The technology relates to a vehicle steering control apparatus that may set a target course and may perform a control to allow for follow-up travel along the target course.

In recent years, various developments and proposals have been made in vehicle steering control technology to assist drivers in driving more comfortably and safely. For example, Japanese Unexamined Patent Application Publication (JP-A) No. 2010-36757 discloses a technique regarding a lane deviation prevention control apparatus that prevents an own vehicle from deviating from lanes. This technique involves: calculating a target steering angle of a steering mechanism to allow a lateral position of an own vehicle to be close to a target lateral position; setting a first steering force to attain the target steering angle, based on a deviation between the target steering angle and a real steering angle, by means of a steering angle feedback control; and setting a second steering force to attain the target steering angle, by means of a feedforward control of a steering force based on the target steering angle and an amount of a vehicle status. When determination is made on follow-up travel to a preceding vehicle, a target steering force is so set as to raise a rate of the first steering force, as compared to a case in which no determination is made on the follow-up travel.

SUMMARY

A technique such as the lane deviation prevention control as disclosed in JP-A No. 2010-36757 or any other lane keeping control may involve setting a target course, and performing a follow-up control to a preceding vehicle or the target course. In such cases, steering characteristics of a steering system may vary in accordance with a vehicle speed. Accordingly, in an existing control system, to perform a control based on the steering characteristics with the vehicle speed being in a medium- or high-speed range may cause a concern of degraded control responsiveness in a low-speed range. Such a change in the control responsiveness between the low-speed range and the medium- or high-speed range may lead to lack of control stability, causing difficulties in performing a precise control.

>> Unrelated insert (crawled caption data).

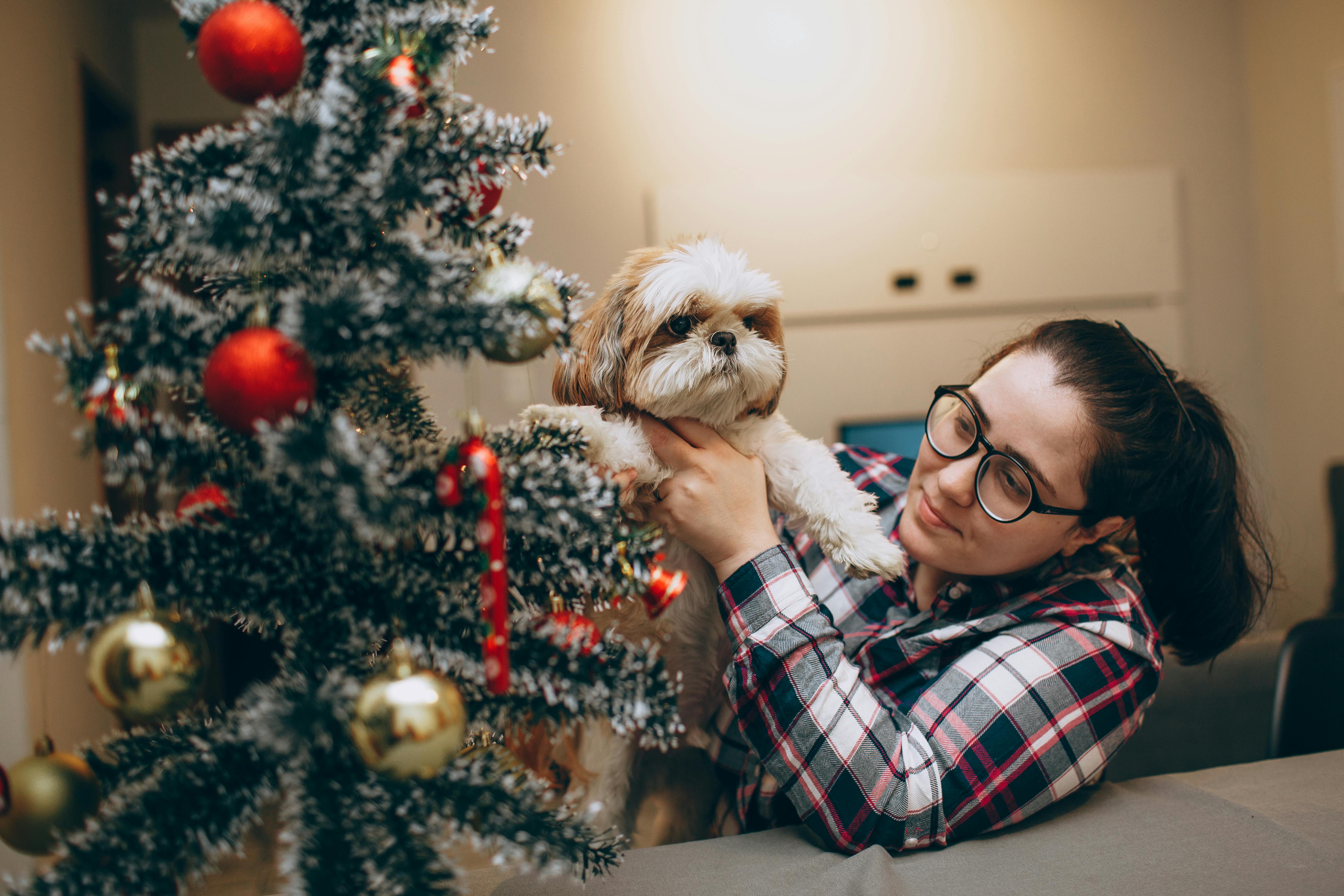 A woman in glasses and a plaid shirt is holding a dog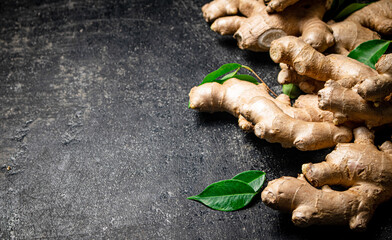 Poster - Fresh ginger root with leaves. 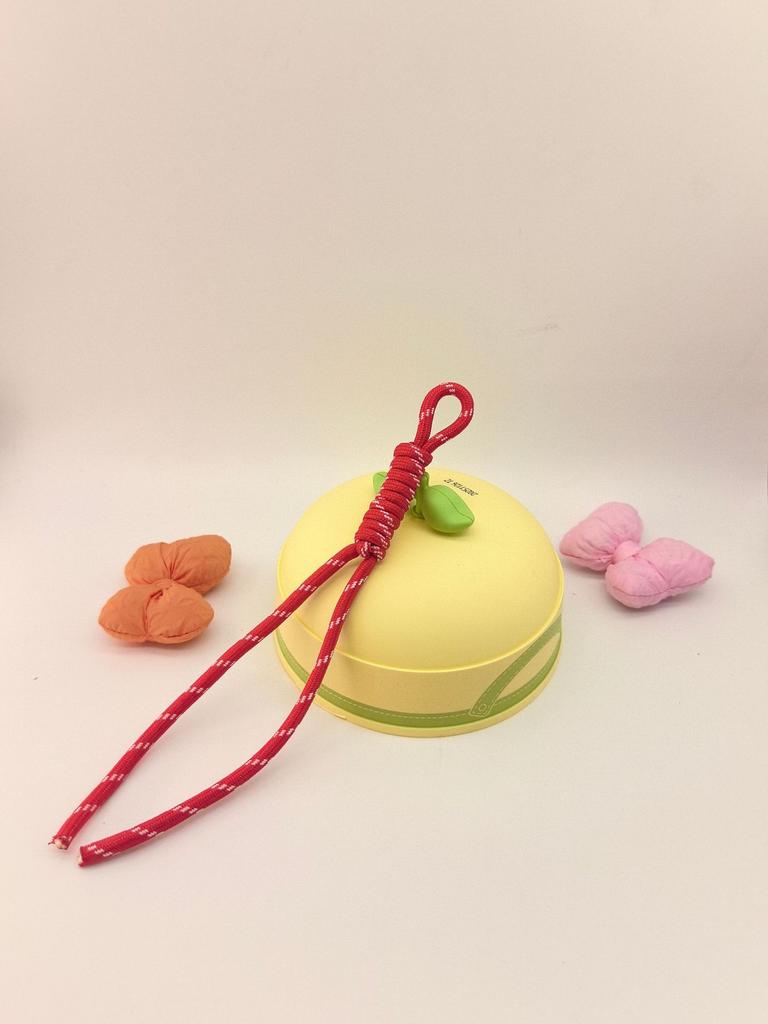 Spot Color Hand-Woven Rope Lanyard Pendant Trendy Color Nylon Rope Bag Keychain Pendant High Sense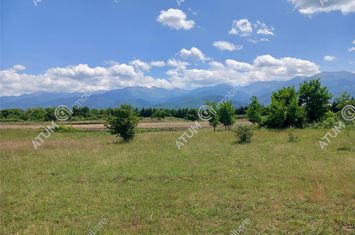 Teren Intravilan de vanzare AVRIG - Sibiu anunturi imobiliare Sibiu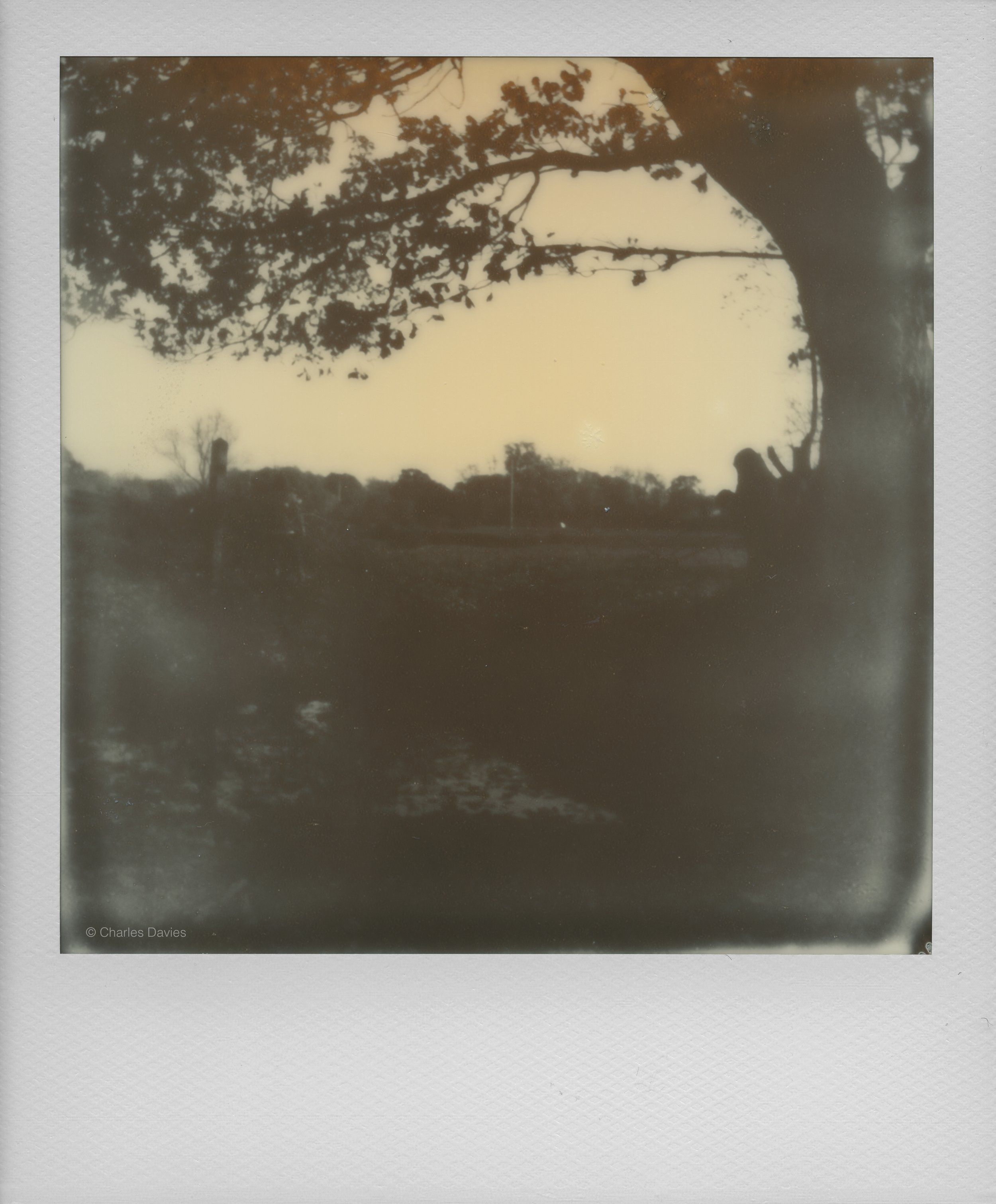 110 - 2022 - Polaroid Now (aged).jpg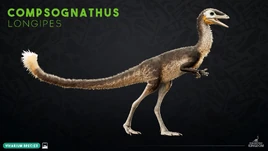 Viv Compsognathus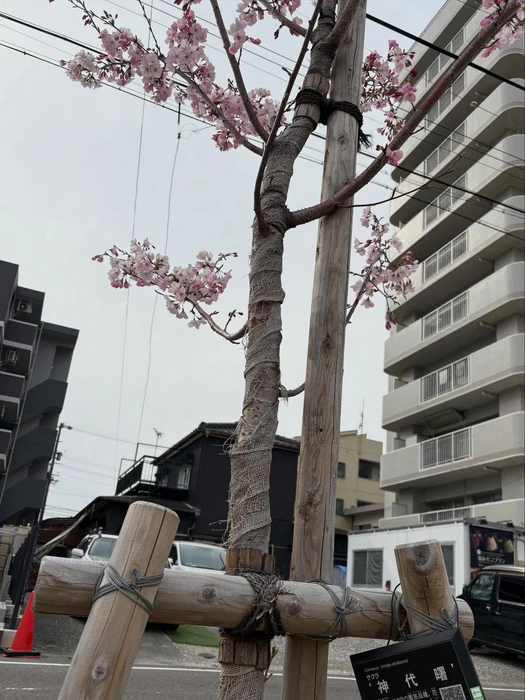 画像257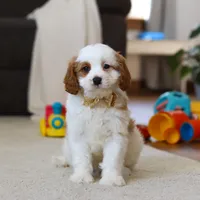 Ace, a male Cavapoo for sale in Fresno, OH – Photo 7 of 7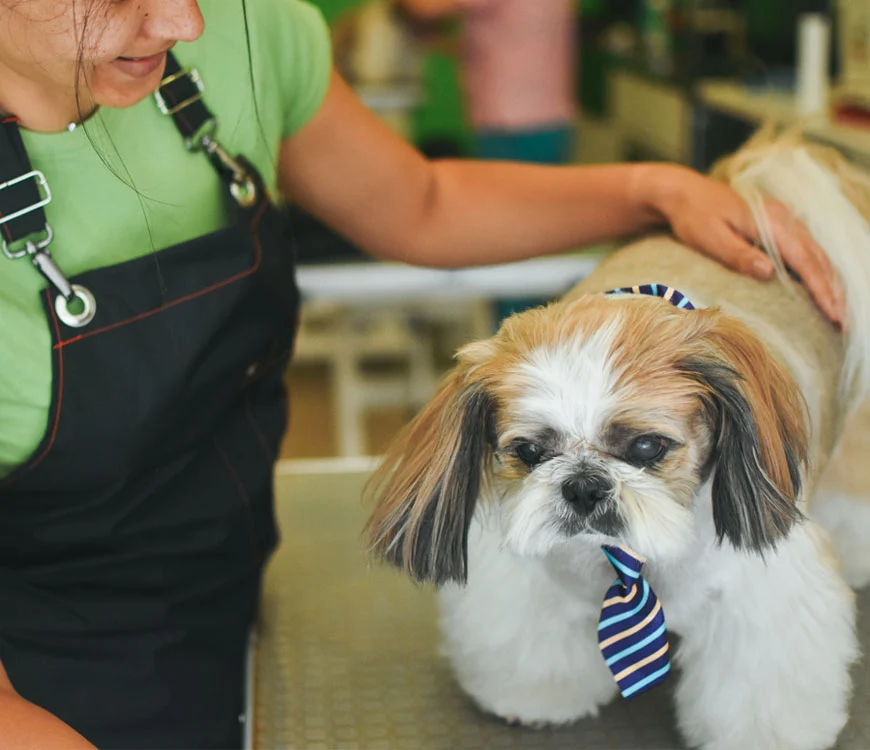 pawandclaw about us img webp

It is desirable to provide a vehicle steering control apparatus that makes it possible to perform a stable and precise control with alleviated changes in control responsiveness over low- to high-speed ranges.

An aspect of the technology provides a vehicle steering control apparatus that includes a target course setter, a first control quantity calculator, a second control quality calculator, a control rate variator, and a steering controller. The target course setter sets, based on forward environment information, a target course to be traveled by an own vehicle. The first control quantity calculator calculates a first control quantity that allows the own vehicle to travel along the target course. The second control quantity calculator calculates a second control quantity based on a steering angle. The control rate variator variably sets, in accordance with a vehicle speed, a first rate of the first control quantity and a second rate of the second control quantity. The steering controller calculates a steering control quantity, based on the first control quantity corrected based on the first rate and the second control quantity corrected based on the second rate, and executes a steering control.

BRIEF DESCRIPTION OF THE DRAWINGS

FIG. 1 illustrates a configuration of a vehicle steering system according to an implementation of the technology.

FIG. 2 is a functional block diagram of a steering controller according to an implementation of the technology.

FIG. 3 is a flowchart of a steering control program according to an implementation of the technology.

FIG. 4 is a flowchart of a target steering angle calculation routine according to an implementation of the technology.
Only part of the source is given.